Is it just a coincidence that during this period, Pakistan’s total external debt increased by $13.7 billion to $45.8 billion in the beginning of 2009. While the spending on the nuclear programme remains shrouded in secrecy and is not subject to any parliamentary or judicial oversight.
Historically, the army has not shown enough realisation that the cessation of all external and domestic conflicts is the most critical and essential pre-condition for Pakistan to survive as a viable nation-state. The security state of Pakistan’s number one problem is not extremism. It is its security establishment and its addiction to arms and debt.

The army leadership can and must take the lead and put India, Afghanistan, Kashmir, and nuclear issues on the back burner and focus on nation rebuilding. It can begin this process setting an example through making deep and voluntary cuts in military expenditure and then by asking the civilians to do the same.

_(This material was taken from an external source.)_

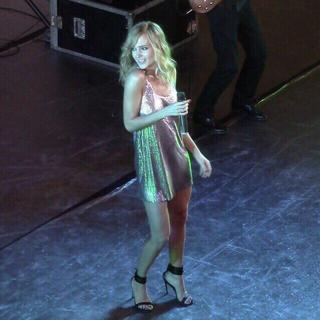 Natalya Ionova feet photo thumbnail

Pakistan needs to make investments to repair and rebuild its administrative and physical infrastructure. The economy cannot achieve a sustainable growth rate necessary to support its around two per cent population growth rate and reduce poverty without huge investment in basic infrastructure and human resources.

A February 2008 report by the World Bank warned, “Without adequate irrigation resources, power, and transport infrastructure, the very sustainability of Pakistan as an independent nation may be at stake as shortages could lead to increased social discontent and disharmony amongst the federation and the provinces.”

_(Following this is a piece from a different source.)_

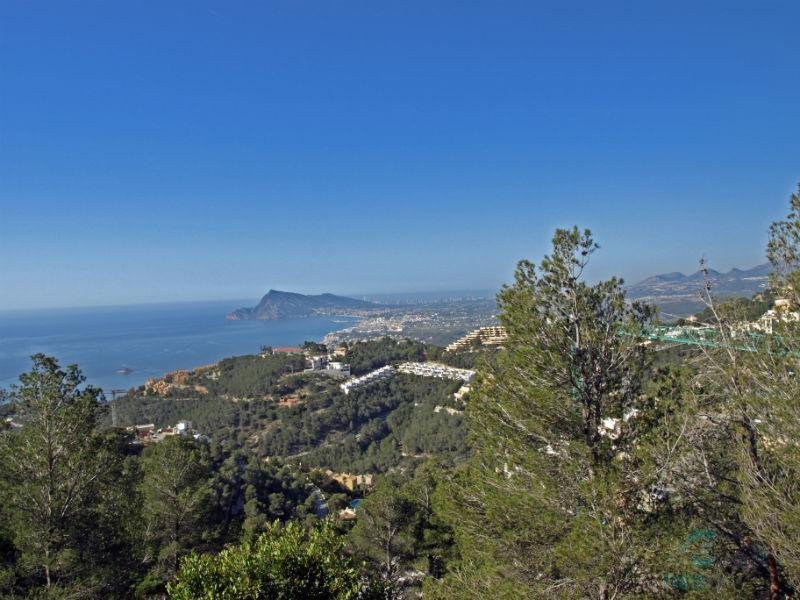 For sale of land in Altea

Since Pakistan is so significantly behind other Asian countries with whom it competes in international trade and for investment capital, it should invest much more than the averages to catch up. Pakistan needs to spend 8-10 per cent of its GDP on education and infrastructure. This is not possible without drastic cuts in defence and establishment expenditure, reducing corruption, and more and better tax collection.

We need peace and to put an end to all external and internal conflicts in order to restore conditions that are conducive to economic development. The army has to stop its arms spending spree and find a way to transform Pakistan from a dysfunctional debt and arms-addicted national-security state – which has been and continues to be in a state of constant tension and sometimes at war with its neighbouring countries and with itself.
Army holds the country together. If it does not take the lead and make the right initiatives in the right direction, there may not be any rational reason or room for hope for Pakistan. It may be too much to expect power-broking and scheming mortals with limited intellect and vision to become saviours and nation builders overnight. But the choice is quickly becoming stark.
Act to resurrect the state of Pakistan and dispel the perception that it will wither away under the weight of its own history and blunders of the self-serving and short-sighted ruling elites.